En cuanto a su contenido, la Constitución de Pinochet consagra una democracia protegida, no es representativa de la diversidad presente en nuestra sociedad, no guarda relación alguna con la realidad actual de Chile y mucho menos con los desafíos futuros de nuestro país. Es una Constitución que mira con desconfianza y sospecha a la democracia, a sus instituciones y a la ciudadanía.

Asimismo, hoy, con el descrédito abrumador de nuestras instituciones democráticas y la evidente crisis de representatividad de los partidos y los actores políticos, la idea de tener un nuevo pacto constitucional es inevitable.

Y por último,  hay que reconocer la que probablemente fue la reforma política más esperada y necesaria para tener una democracia de verdad: el cambio del sistema binominal, que alteraba la decisión de las mayorías, consagraba el empate y era un seguro contra la derrota.

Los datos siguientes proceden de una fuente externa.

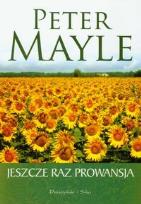 Okładka książki Jeszcze raz Prowansja - Peter Mayle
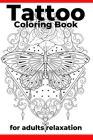 Tattoo Coloring Book for adults relaxation By Coloring Books Cover Image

El sistema consagraba que una lista que sacaba el 58 por ciento de los votos obtenía el mismo número de senadores que una con sólo el 30 por ciento de los votos.

Impulsar estas reformas no es fácil. Se necesita algo más que contar con mayoría en el Parlamento. Y eso se llama coraje, valentía y perseverancia para hacer cambios largamente demandados por la ciudadanía, que otros no pudieron o no quisieron llevar adelante. Dicho de otra forma, la Presidenta Bachelet es la primera Jefa de Estado en desafiar abiertamente las injusticias del modelo que nos legó la dictadura.

Al César lo que es del César. Este es un punto que la Presidenta ha ganado para cuando se escriba esta historia y también es una demostración fehaciente de que su liderazgo no es tan débil como algunos lo quieren hacer creer.